The fulfilment of the tests to grant injunction as stated above is required before granting any interlocutory exparte ad-interim order or interim order

in any proceeding placed before any judicial forum. In injunction in aid of plaintiffs'' right all that the Court has usually to consider whether the case

is so dear and free from objection on equitable ground that it ought to interfere to preserve property in statusquo without waiting for the right to be

finally established. In Morgan Stanley''s case in was further observed as follows:

(1) that an application for allotment of shares cannot constitute goods; (2) propesctive investors is not a consumer under Section 2(1)(d) of the

Consumer Protection Act; (3) Issuing of shares is not a practice relating to the carrying on of any trade; (4) The appellant, M/s. Morgan Stanley''s

does not trade in shares; (5) The Consumer Protection Forum has no jurisdiction whatsoever in the matter; (6) The Consumer Forum have as such

no power to issue injunction as per four clauses (a), (b), (c) and (d) of Section 14(1) duly considered in the case; (7) The exparte injunction

generally be granted only under exceptional circumstances; (8) Normally cases against company should be filed only where the Registered Office

of the Company situated etc.

13. In Morgan Stanley''s case the motive of the complainant was ex-facie malafide as it appears from his conduct; inasmuch as complaint was filed

on 4.1.1994 and interim order was obtained on 5.1.94 exparte while Morgan Stanley''s growth units were scheduled to be opened from 6.1.94

inspite of advertisement and hoardings published on 18.12.93 and the complainant/respondent having notice of it came at the last moment before

the Calcutta District Forum and obtained the said exparte interim order without jurisdiction and in violation of the principle laid down for granting

interim order causing thereby the irreparable loss to the appellant.

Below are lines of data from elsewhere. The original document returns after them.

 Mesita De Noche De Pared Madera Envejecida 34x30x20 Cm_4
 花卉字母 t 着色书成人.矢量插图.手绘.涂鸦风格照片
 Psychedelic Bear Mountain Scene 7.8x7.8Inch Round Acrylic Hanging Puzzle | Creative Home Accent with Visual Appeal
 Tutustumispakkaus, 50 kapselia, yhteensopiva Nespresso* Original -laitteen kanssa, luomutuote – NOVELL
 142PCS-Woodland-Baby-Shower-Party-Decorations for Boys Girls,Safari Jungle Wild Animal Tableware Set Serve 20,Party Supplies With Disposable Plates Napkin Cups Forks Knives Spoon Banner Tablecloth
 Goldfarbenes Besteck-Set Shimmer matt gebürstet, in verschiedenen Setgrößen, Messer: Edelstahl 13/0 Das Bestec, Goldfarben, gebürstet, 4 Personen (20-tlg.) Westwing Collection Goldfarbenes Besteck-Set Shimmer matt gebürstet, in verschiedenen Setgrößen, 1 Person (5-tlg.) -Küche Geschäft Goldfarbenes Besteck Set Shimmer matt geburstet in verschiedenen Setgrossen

7. IN the facts and circumstances of the case the Hon''ble Supreme Court being annoyed with the entire affair discouraged the grant of interim

order by the Consumer Disputes Redressal Forum as such without having any occasion to consider the clause (e) of Sub-section 1 of Section-14

of the Consumer Protection Act which has opened a flood gate of powers to Consumer Redressal Forums. But the Hon''ble Supreme Court in

Morgan Stanley''s case observed that the interim order could only be granted under the principleslaid down in the said case.

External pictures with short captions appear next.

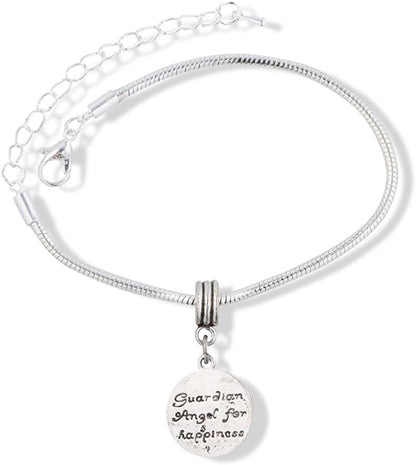 EPJ Guardian Angel Bracelet | Happiness Stainless Steel Snake Chain Charm Bracelet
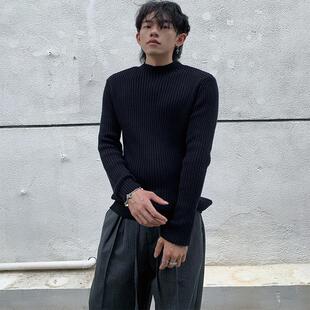 Addressunknown修身剪裁半高领针织高弹毛衣打底通勤百搭长袖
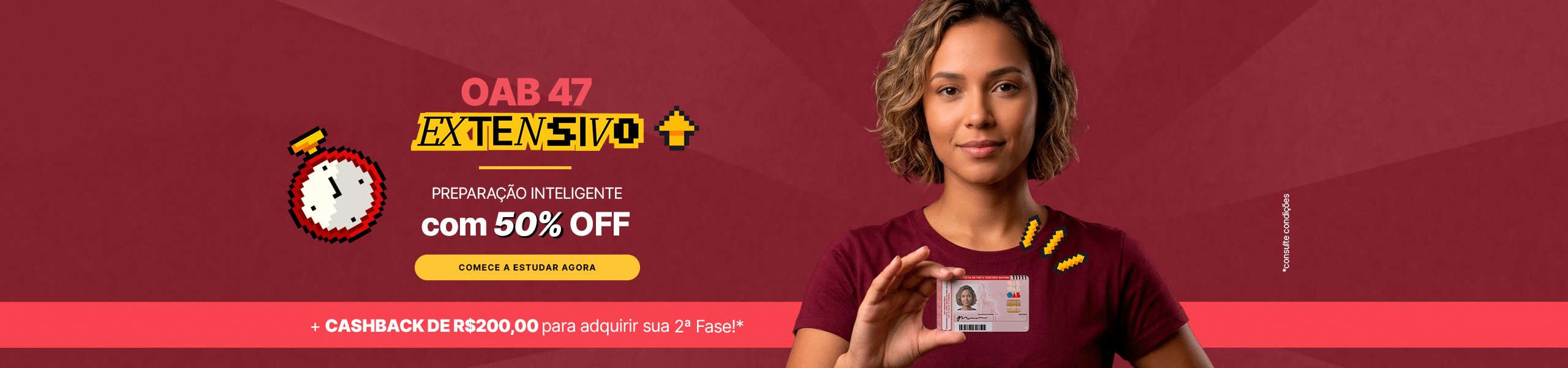 Imagem do banner com a promoção do Damásio de 50% de desconto do preparatório OAB Damásio IA Extensivo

In this context, we discuss the decision in the case of Manorama Tiwari v. State Govt, of Rajasthan reported in II 1992 CPJ 427 (NC) referred to

by the petitioner/W.B.S.E.B. in which the ratio laid down by Hon''ble National Commission is that the relief which cannot be granted under

Section 14(1) of the C.P. Act it cannot be granted by interlocutory order. We are also of same view that the relief which should be granted in final

adjudication of the dispute by us as per provisions of Section 14(1) of the Act it could be granted at the first instance by interlocotory order to

preserve the property in dispute in status-quo which is in aid and assistance of the principle relief claimed by way of removing the defects in goods

and deficiency of service. The judicial authority cannot sit with its eyes shut in such circumstances where interlocutory order is so exigent and allow

the proceeding to go infructuous or open an outlet for multifarious proceedings. In our opinion the observation in the said case made by the

Hon''ble National Commission goes to support the case of the complainant/respondent.

8. THE decision in the case of the New India Assurance Co. Ltd. v. R. Vanketeswara Rao reported in 1993 (1) CPR 105 cited by the

petitioner/W.B.S.E.B. was pronounced by the Hon''ble National Commission on 2.11.92 prior to the amendment of the Consumer Protection Act

inserting clause (e) under Section 14(1) of the said Act as such the Hon''ble National Commission had no occasion to consider the power vested

with the Redressal Forum under clause (e) of Section 14(1) of the said Act. So we are of opinion, the ratio decided in the said case of the New

India Assurance Co. Ltd. (supra) and other decisions referred to in the revisional petitions by the petitioner/ W.B.S.E.B. which were decided

earlier to the amendment have no application in the present case.

The reference made to a decision in the case of Andhra Pradesh State Electricity Board and Others v. M/s. Andhra Cement Ltd. reported in AIR

1991 A.P. 150 by the petitioner, we observe that the ratio in the said case has in no manner any application in the facts and circumstances of the

present case. In the said case of A.P.S.E.B. allegation was non-payment of arrears of consumption charges due to bad financial condition of a

consumer but in the instant case, the dispute about inflated bills due to non-functioning and disorder of the meters in question. Herein the instant

case, the subject matter of dispute is inflated bill not the inability of the consumer to pay the consumption charges due to bad financial condition.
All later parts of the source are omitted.